Enseignant-chercheur : Rafaël Magrou

La photographie montre l’intérieur d’un théâtre délabré par le temps – que nous appellerons le « Vieux Théâtre » –, avec ses balcons en bois abîmés dans un état de ruine avancée. Le point de vue regarde vers le fond de la salle.

Fig. 8.1. Photographie © Rafaël Magrou.

Vue de l’intérieur du Vieux Théâtre de Morlaix depuis le deuxième balcon vers la façade d’entrée. Prise lors d’une première visite, en mars 2021, en guise de repérage et pour l’organisation du workshop, cette prise de vue montre l’état du théâtre et de ses attributs, avec sa salle en forme de U, superposant les niveaux. Les planchers comme les balustrades sont décrépis et en état d’effondrement, raison pour laquelle le workshop intensif s’est attelé dans un temps bref à explorer ce vestige du XVIIIe siècle. Postérieurement, des vues ont été faites par drone dans l’édifice comme dans son environnement afin de tenter de déceler d’autres indices aidant à sa reconstitution.
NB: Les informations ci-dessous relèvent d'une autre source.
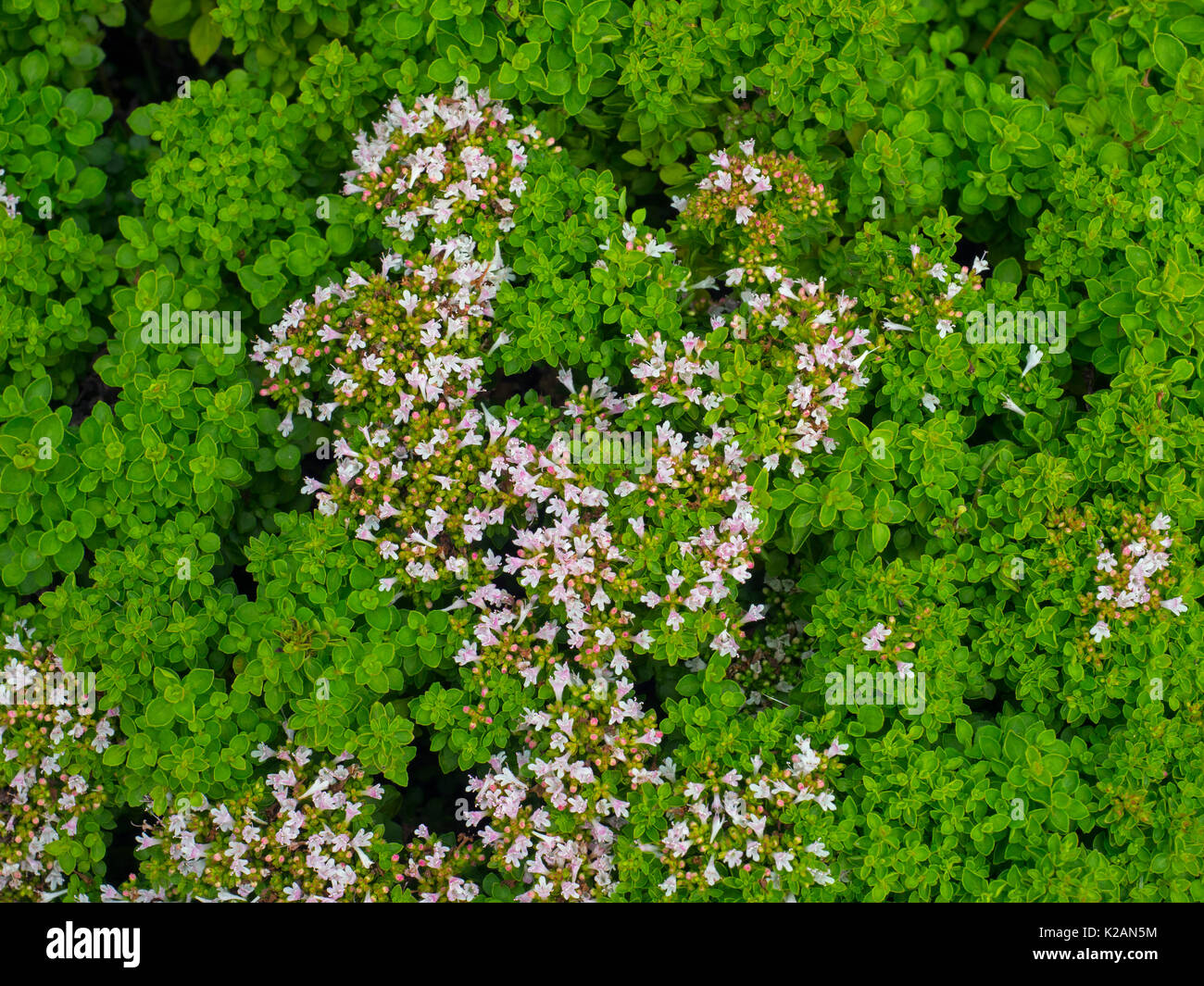 Compact marjoram Origanum vulgare in kitchen garden Stock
La photographie présente un point de vue en plongée sur le parterre du Vieux Théâtre abandonné, avec des étudiants présentant leurs recherches sur cet objet architectural devant les élus et propriétaires des lieux. En guise de support de présentation, un drap suspendu reçoit une vidéo-projection et une maquette en carton recompose la volumétrie originelle.

Fig. 8.2. Photographie © Magrou.

Présentation du travail effectué lors de la semaine de workshop intensif à Morlaix, dans les murs du Vieux Théâtre, par le groupe d’étudiantes impliquées dans cette exploration. Pris depuis le premier balcon, ce cliché montre le mur qui obstrue la partie où se situait la scène et expose une galerie qui a été créée par l’exploitant imprimeur ayant occupé les lieux au XXe siècle. Projetée sur un drap installé pour l’occasion, la recherche est partagée auprès de divers intervenants : historienne, élue locale, architecte des Bâtiments de France, documentaliste des archives municipales et des riverains ayant contribué à la faisabilité de ce travail. Une maquette en carton est venue compléter les vues en 3D fabriquées pour cette étude.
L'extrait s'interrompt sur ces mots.